Boltzmann worked as mathematical physics professor at various universities including University of Graz, University of Vienna and University of Munich. It was at the University of Graz, he developed most of his work on the statistical mechanics of physics.

What is heat?

For centuries, one of the big questions that remained unresolved in physics was what is heat? Physicists (wrongly) believed that the heat was a result of the flow of an invisible fluid called ‘calorie.’  When water is heated by burning coal, physicists of those days believed that ‘calorie’ flowed from coal into water. Even, Sadi Carnot, the French physicist and engineer, published his steam engine theory, in 1824, based on the assumption that calorie existed.

 

It was James Joule,  English physicist, who suspected the validity of calorie theory when he noticed that flowing electric current produced heat in the wires and that friction generating enormous heat. But Joule too could not answer what heat really was.

 

In 18th century, Daniel Bernoulli, Swiss mathematician and physicist, theorized that the kinetic energy from the random motion of the particles of fluids could be the reason for macroscopic attributes of fluids such as temperature and pressure. Since he was well advanced for his time, his ideas languished for almost hundred years.

 

Rudolf Clausius, German physicist and mathematician was the one who restarted the debate on the kinetic energy of gas particles in the year 1857, and he showed that kinetic energy from the random motion of the constituent particles of a gas could be responsible for the internal heat energy.

 

Scottish theoretical physicist James Maxwell, who believed in the atomic nature of matter, mathematically analyzed the kinetic energy of gases based on statistical methods.

 

Like James Maxwell, Boltzmann too believed in the atomic and molecular nature of matter. In fact, Maxwell was Boltzmann’s hero.

Kinetic Theory &

Statistical Mechanics

And later in 19th century, James Maxwell, believing in atomic nature, further developed kinetic theory of gases using statistical method. Boltzmann extended Maxwell’s ideas in developing kinetic theory not only for gases but also for liquids and solids. They proved that the macroscopic properties of gases, liquids and solids are related to the average kinetic energy of their individual microscopic entities.

 

For instance, the temperature, pressure and internal energy of gas in a container are related to the average kinetic energy of the molecules of the gas. Kinetic energy arises from the random motion of the molecules either due to linear motion or from the spin of each molecule. As it is impossible to keep track of the position, velocity and spin of each molecule of the gas in a container which may contain billions and billions of molecules, Maxwell and Boltzmann adopted statistical method to figure out the average kinetic energy the gas.

 

The key takeaway from their works is that the energy that we feel as heat arises from the random motion (and collisions) of molecules in gases or liquids. In the case of solids, it is the vibration of the molecules or atoms we feel as heat.

 

Entropy

In order to understand Boltzmann’s contribution in explaining the laws of thermodynamics, especially the second law, we first need to take a look at the concept of entropy.

 

What is entropy? To put it in simple words, entropy is a measure of disorder in a system. In 1877,  Boltzmann was the first to define entropy mathematically using statistics.

 

For instance, consider a new deck of playing cards. The pristine deck normally has all the 52 cards ordered by rank-and-suit precisely as in the picture below. Obviously, the new deck has low randomness. To put it in entropy terms, the new deck has low entropy.

 

A new pristine deck of playing cards ordered by rank-and-suit precisely

Before you start a game with a new deck, you certainly want to shuffle it so that the randomness increases. Once you shuffle it, the disorder increases and so does the entropy.

 

Below is the equation Boltzmann discovered to quantify the entropy of a system using statistical method.

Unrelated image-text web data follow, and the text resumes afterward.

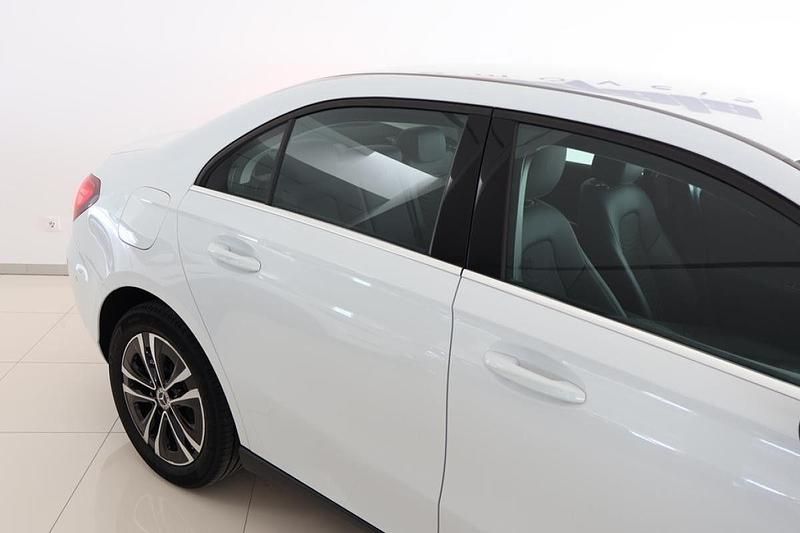 Usado Mercedes A250 218 HP (160 kW) 2024 Branco Sedan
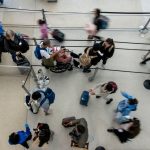 “Secuestro”: La polémica obra que alarmó a CDMX ¿Título sugerido para blog?: 
"Aranceles de Trump: más costos, menos apoyo"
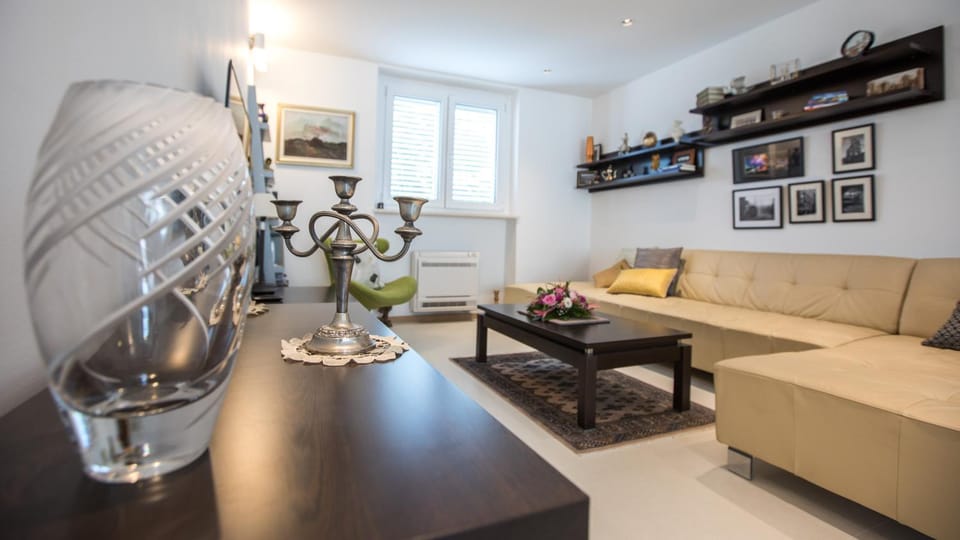 Spacious modern apartment close to the beach Apartment in Dubrovnik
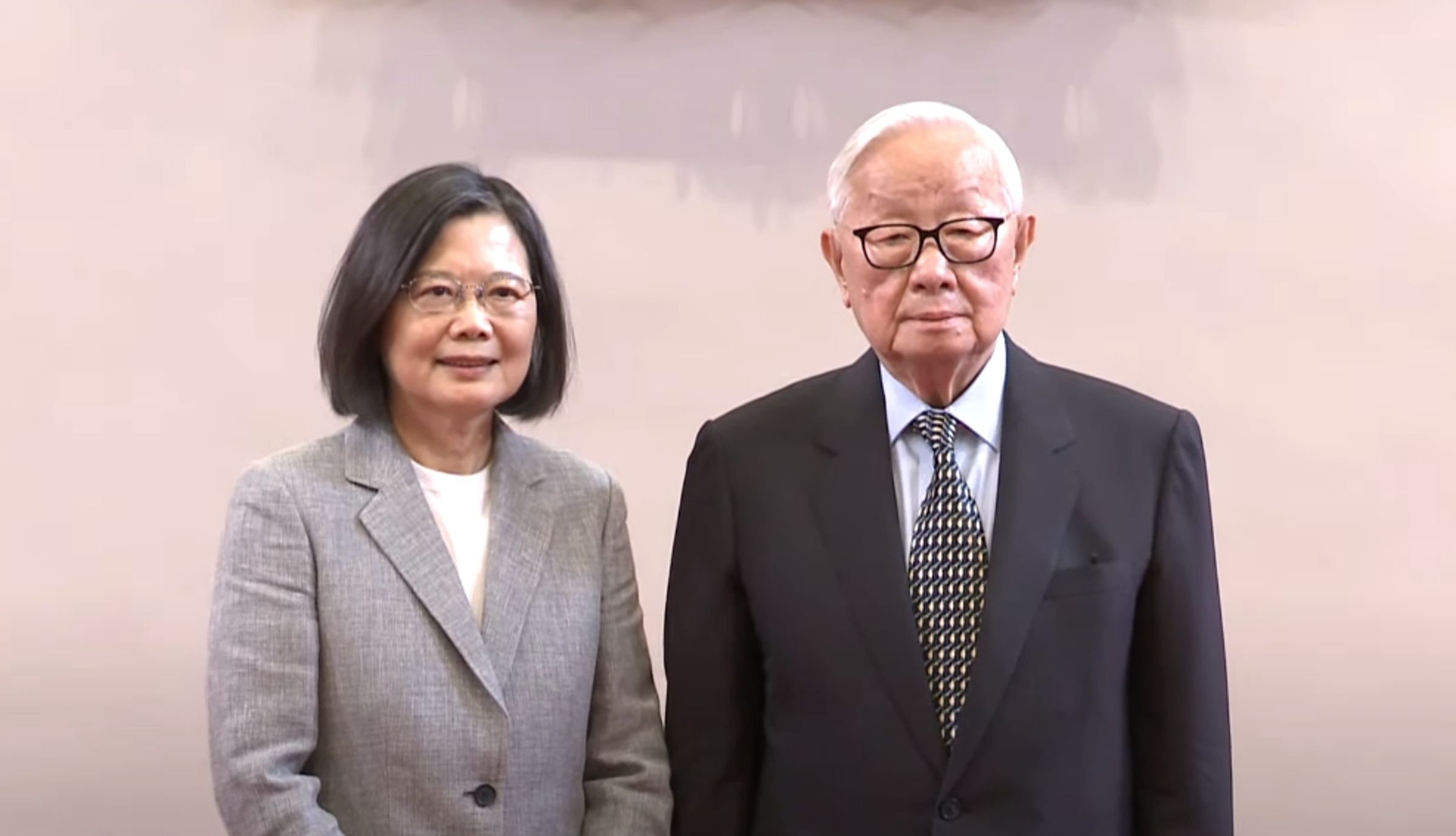 蔡英文(左)第6度指派張忠謀(右)擔任我方領袖代表與會APEC經濟領袖會議。(翻攝自總統府YouTube頻道)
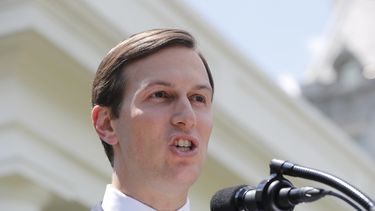EEUU: Kushner utilizó email personal para mensajes oficiales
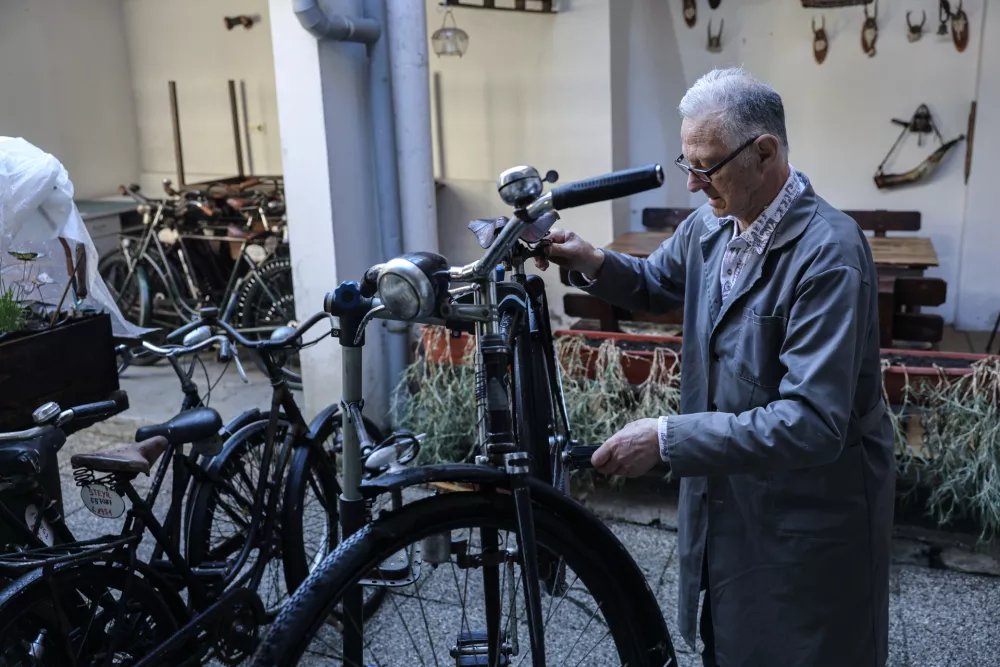 - 11.04.2026 - Jožef Baronik - obnavlja stara kolesa//FOTO: Jaka Gasar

Boltzmann's entropy equation.

In this equation, s is the entropy of a system, k is Boltzmann constant, and W refers to the number of all possible distinguishable microstates (arrangements) for a given macro-state.

So, the entropy of a closed system is proportional to the logarithm of the number of possible distinguishable microstates for a given macro-state.

Laws of Thermodynamics

Why does heat flow from hot to cold and not in the reverse direction? The laws of thermodynamics, especially the second law, has the answer. Let us quicky review the laws of thermodynamics.

Thermodynamics deals with subject of how heat energy exchange occurs. Though there are four laws of thermodynamics, first two laws are particularly important.

 

The first law of thermodynamics deals with conservation of energy. It states that energy can neither be created nor destroyed; but it can only be converted from one form of energy to another. In this process, total energy remains constant all the time.

 

The second law states that the entropy of a closed system always increases.

Boltzmann stated that the second law is a direct consequence of the probabilistic nature of the world; only increasing entropy is extremely a high probability than a decreasing entropy in a system.

 

The arrow of time and the heat flow from hot to cold are because of the fact that increasing entropy is more probable. This amazing insight came from Boltzmann. 

The End

Boltzmann's equation on his grave.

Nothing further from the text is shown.